To do. Collect from the data below each line with "learning".

Provided data.
========================

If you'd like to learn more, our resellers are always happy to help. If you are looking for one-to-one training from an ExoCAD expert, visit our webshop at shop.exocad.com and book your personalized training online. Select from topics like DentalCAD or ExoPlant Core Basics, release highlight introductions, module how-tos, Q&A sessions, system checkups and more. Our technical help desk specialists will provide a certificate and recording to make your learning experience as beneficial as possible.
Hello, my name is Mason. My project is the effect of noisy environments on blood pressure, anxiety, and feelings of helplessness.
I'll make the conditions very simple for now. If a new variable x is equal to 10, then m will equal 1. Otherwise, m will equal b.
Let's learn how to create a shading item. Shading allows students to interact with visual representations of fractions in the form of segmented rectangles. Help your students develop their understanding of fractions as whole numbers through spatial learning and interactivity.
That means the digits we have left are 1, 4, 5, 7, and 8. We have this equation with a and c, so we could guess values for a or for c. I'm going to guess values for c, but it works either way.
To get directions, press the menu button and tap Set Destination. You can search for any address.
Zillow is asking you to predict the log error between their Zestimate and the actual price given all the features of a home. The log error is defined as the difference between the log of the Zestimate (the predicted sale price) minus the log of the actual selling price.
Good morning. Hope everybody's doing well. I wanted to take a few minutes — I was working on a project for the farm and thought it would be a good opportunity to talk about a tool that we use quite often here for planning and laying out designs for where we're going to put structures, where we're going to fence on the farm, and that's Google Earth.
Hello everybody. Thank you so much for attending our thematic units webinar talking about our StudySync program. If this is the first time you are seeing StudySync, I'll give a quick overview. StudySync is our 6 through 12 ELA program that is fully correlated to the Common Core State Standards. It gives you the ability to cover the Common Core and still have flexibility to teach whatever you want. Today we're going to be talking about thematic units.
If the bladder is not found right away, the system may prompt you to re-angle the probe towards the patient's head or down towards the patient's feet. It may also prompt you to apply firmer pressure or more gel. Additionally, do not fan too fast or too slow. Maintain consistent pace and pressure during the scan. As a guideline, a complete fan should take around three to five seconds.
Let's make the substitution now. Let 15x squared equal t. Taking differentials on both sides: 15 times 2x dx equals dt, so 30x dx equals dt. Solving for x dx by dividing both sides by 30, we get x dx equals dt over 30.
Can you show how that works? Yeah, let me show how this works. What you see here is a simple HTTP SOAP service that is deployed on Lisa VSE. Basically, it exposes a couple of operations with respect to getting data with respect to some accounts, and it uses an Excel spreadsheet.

========================

Task output.
If you'd like to learn more, our resellers are always happy to help. If you are looking for one-to-one training from an ExoCAD expert, visit our webshop at shop.exocad.com and book your personalized training online. Select from topics like DentalCAD or ExoPlant Core Basics, release highlight introductions, module how-tos, Q&A sessions, system checkups and more. Our technical help desk specialists will provide a certificate and recording to make your learning experience as beneficial as possible.
Let's learn how to create a shading item. Shading allows students to interact with visual representations of fractions in the form of segmented rectangles. Help your students develop their understanding of fractions as whole numbers through spatial learning and interactivity.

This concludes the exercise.